Open Machine Learning Course

Author: Sergey Korolev, Software Engineer at Snap Inc.
Translated and edited by Egor Polusmak, Anastasia Manokhina, Anna Golovchenko, Eugene Mashkin, and Yuanyuan Pao.

This material is subject to the terms and conditions of the license Creative Commons CC BY-NC-SA 4.0. Free use is permitted for any non-comercial purpose with an obligatory indication of the names of the authors and of the source.

Topic 7. Unsupervised learning: PCA and clustering

Welcome to the seventh part of our Open Machine Learning Course!

In this lesson, we will work with unsupervised learning methods such as Principal Component Analysis (PCA) and clustering. You will learn why and how we can reduce the dimensionality of the original data and what the main approaches are for grouping similar data points.

Article outline

  1. Introduction
  2. PCA
    • Intuition, theories, and application issues
    • Application examples
  3. Cluster analysis
    • K-means
    • Affinity Propagation
    • Spectral clustering
    • Agglomerative clustering
    • Accuracy metrics
  4. Useful links

1. Introduction

The main feature of unsupervised learning algorithms, when compared to classification and regression methods, is that input data are unlabeled (i.e. no labels or classes given) and that the algorithm learns the structure of the data without any assistance. This creates two main differences. First, it allows us to process large amounts of data because the data does not need to be manually labeled. Second, it is difficult to evaluate the quality of an unsupervised algorithm due to the absence of an explicit goodness metric as used in supervised learning.

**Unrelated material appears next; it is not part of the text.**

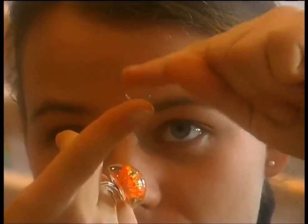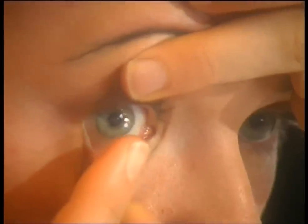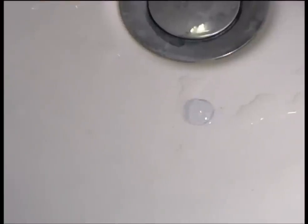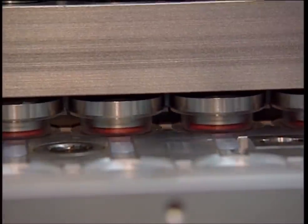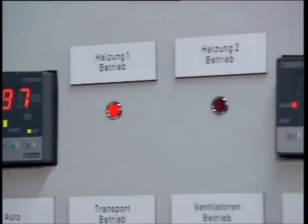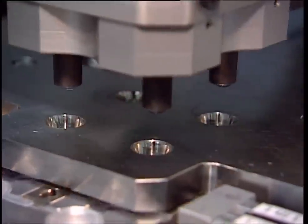An alternative to hard lenses are soft ones that adapt themselves to the eye. They're cheaper and more convenient for some users as they're disposable. They start out as a plastic liquid — a blue dye is added, which helps users find the lenses when they drop them. The mix is poured into plastic molds, a cover is put on top, and it's baked at 97 degrees Celsius for 10 minutes. Each lens then needs to be checked for scratches and cracks.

One of the most common tasks in unsupervised learning is dimensionality reduction. On one hand, dimensionality reduction may help with data visualization (e.g. t-SNE method) while, on the other hand, it may help deal with the multicollinearity of your data and prepare the data for a supervised learning method (e.g. decision trees).

2. Principal Component Analysis (PCA)

Intuition, theories, and application issues

Principal Component Analysis is one of the easiest, most intuitive, and most frequently used methods for dimensionality reduction, projecting data onto its orthogonal feature subspace.

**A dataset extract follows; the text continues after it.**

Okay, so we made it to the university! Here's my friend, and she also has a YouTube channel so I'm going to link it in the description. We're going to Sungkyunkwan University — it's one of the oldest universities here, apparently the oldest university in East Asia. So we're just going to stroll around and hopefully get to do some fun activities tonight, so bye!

More generally speaking, all observations can be considered as an ellipsoid in a subspace of an initial feature space, and the new basis set in this subspace is aligned with the ellipsoid axes. This assumption lets us remove highly correlated features since basis set vectors are orthogonal. In the general case, the resulting ellipsoid dimensionality matches the initial space dimensionality, but the assumption that our data lies in a subspace with a smaller dimension allows us to cut off the "excessive" space with the new projection (subspace). We accomplish this in a 'greedy' fashion, sequentially selecting each of the ellipsoid axes by identifying where the dispersion is maximal.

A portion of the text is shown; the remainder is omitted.